I think they're so popular here mainly because smart people tend to have varied interests. You have to have a good amount of intellectual curiosity to become a hacker, and that comes before and extends to other areas beyond computer science.

I've spent enough time around them to know that if you get 50 hackers together in a social setting, they talk about a wide variety of subjects. CS often doesn't even come up. I suspect this site has a higher ratio of talk of CS than would be found in real life even among the same participants.

For a site like this to sustain the interest of brilliant people, it has to allow them to roam enough to be entertained while still retaining the core focus. It seems to succeed. If those mass media links were to US Weekly, we'd be in trouble.


"... no matter how techie or startup they sound. NY Times, WSJ, etc. They're written for too broad an audience compared to the focused info I expect to find on HN ..."

A lot of the times these articles have the benefit of being written where tech & the broader community collide. That's interesting. Also it's the comments that are spawned from an article that are the best HN component. If I wanted to read tech-articles alone I'd trawl delicious, friendfeed, twitter et.,al.


I'm not just looking for tech articles, there's DZone for that. Rather, what I value more from HN is the first person viewpoint, rather than the commoditized views channeled through a reporter/editor to serve a general audience, rather than one personally engaged.

That said, there are general audience articles that I think are significant because they reflect a viewpoint that's important to to entrepreneurs. But they're few enough among the submissions that I'm scanning URLs before I even click, tending to avoid NYT, businessweek, etc. since my experience is my time is better spent elsewhere. I can get the mass media viewpoints off my Wii. ;)


I like the NYT stories. If anything, at least the writing is good.
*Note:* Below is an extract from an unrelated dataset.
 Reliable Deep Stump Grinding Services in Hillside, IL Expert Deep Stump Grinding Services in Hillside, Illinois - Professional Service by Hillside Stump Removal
That exact sentiment is the only reason I think that some of the big printed media companies will survive. Blogs just don't have good writing. For a publication to offer consistent, good writing is expensive, and a significant number of people will always want that enough to pay for it.


I'd be tempted to add TC, Mashable and the like to that as well. Though the stories are good, how many HN readers also visit those sites anyway.
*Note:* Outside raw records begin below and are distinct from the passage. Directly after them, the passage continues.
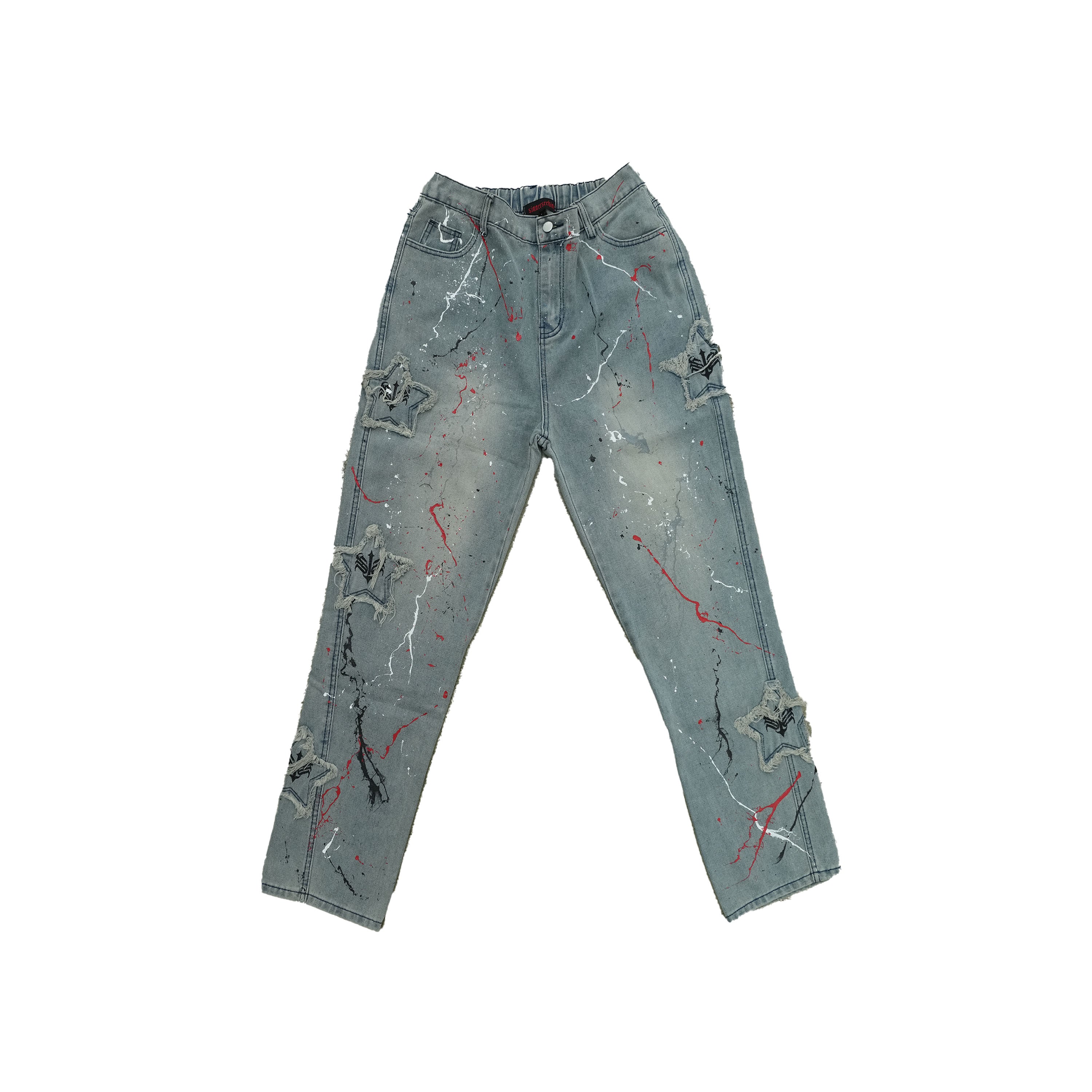 SS Paint Splat jeans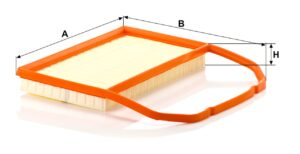 Mann C 29 015 Air Filter C29015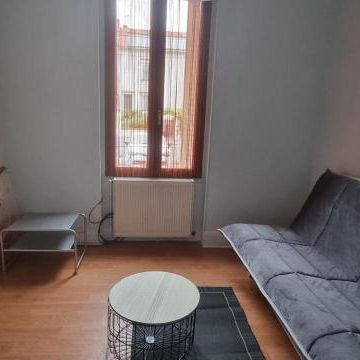 Location Appartement 1 pièce 25m² CLERMONT FERRAND 63000 - Photo 1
Maybe a grey-list for anything linking to those sites, and then one of the top 100 users needs to vote it up in order for the article to be white-listed? Something like that? Unfortunately, that means that the most dedicated users are burdened in cleaning things up for the rest of the community, but by definition, they are already dedicated and would probably/hopefully like the site cleaned up for everybody.

I'm curious where the 'Rate my start-ups' fit into this? Do people like them? Or do you find this to not be the best venue to view them.

I posted my start-up here and the feedback I got was amazing, but that doesn't mean the community wants that stuff here.


I don't mind the "rate my start-up" questions that have a clear question about something specific that can be evaluated and responded to directly. Things like "here's what we're trying to do here and how, how effective do you think we're being at this?" as opposed to an open-ended "rate my start-up" with a url where we're supposed to do a top to bottom review to solve their business or presentation problems for them.


I really like the "Rate my start-ups" posts, assuming the HN doesn't get swamped with them. It's fun to hear the feedback of different people with different attitudes. We're all (or mostly) "start-up minded" here at HN so that's a plus too.

I've never submitted one of these, for reference, I just like to read them.


I still like the idea of categorizing things like startup feedback. and ask hn/yc/pg.


An "ask" or "questions" link in the nav bar could work, which would just show posts with /^Ask .+:/.


That would make those "opt-in," which would be a good thing to me.


I've been here just a few months and tend to be far more of a reader than a contributor, but I've noticed lately that there are more stories here that I've already read.

I'm guessing most of us have the likes of Techcrunch and El Reg in our RSS readers, yet seemingly every other post from the former and quite a lot from the latter races to the top of the rankings here. One of the things I enjoy here is seeing articles on sites I've never been to before and might be interested in reading further.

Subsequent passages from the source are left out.